▶ EXERCISE GOAL
For this exercise, please transcribe exactly and only the lines from the one containing "Платье женское MIST Summer time, миди, р. 40-42, белый Платье" through the end of the material, both ends included, without pictures.

▶ INFORMATION PROVIDED
[Start of section]

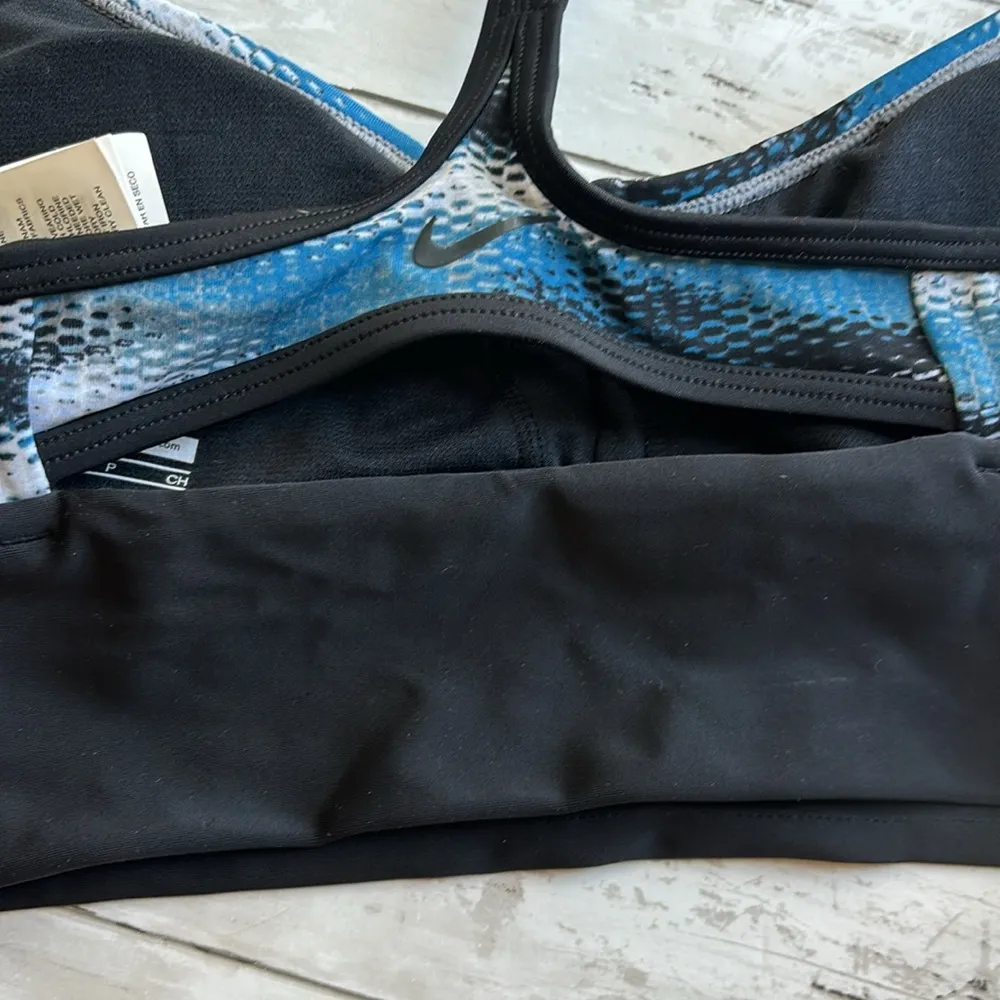 Women’s Nike Padded Athletic Sports Swim Bikini Top Sz S NWT - Image 6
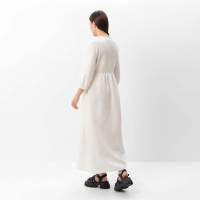Платье женское MIST Summer time, миди, р. 40-42, белый Платье женское MIST Summer time, миди, р. 40-42, белый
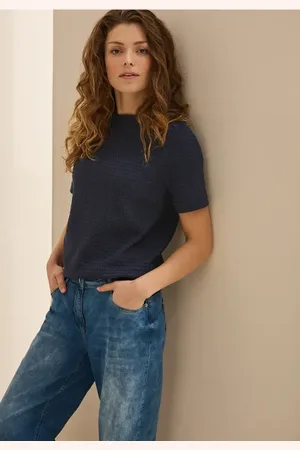 CECIL T-shirt structuré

[End of section]

▶ EXPECTED ANSWER
Платье женское MIST Summer time, миди, р. 40-42, белый Платье женское MIST Summer time, миди, р. 40-42, белый
 CECIL T-shirt structuré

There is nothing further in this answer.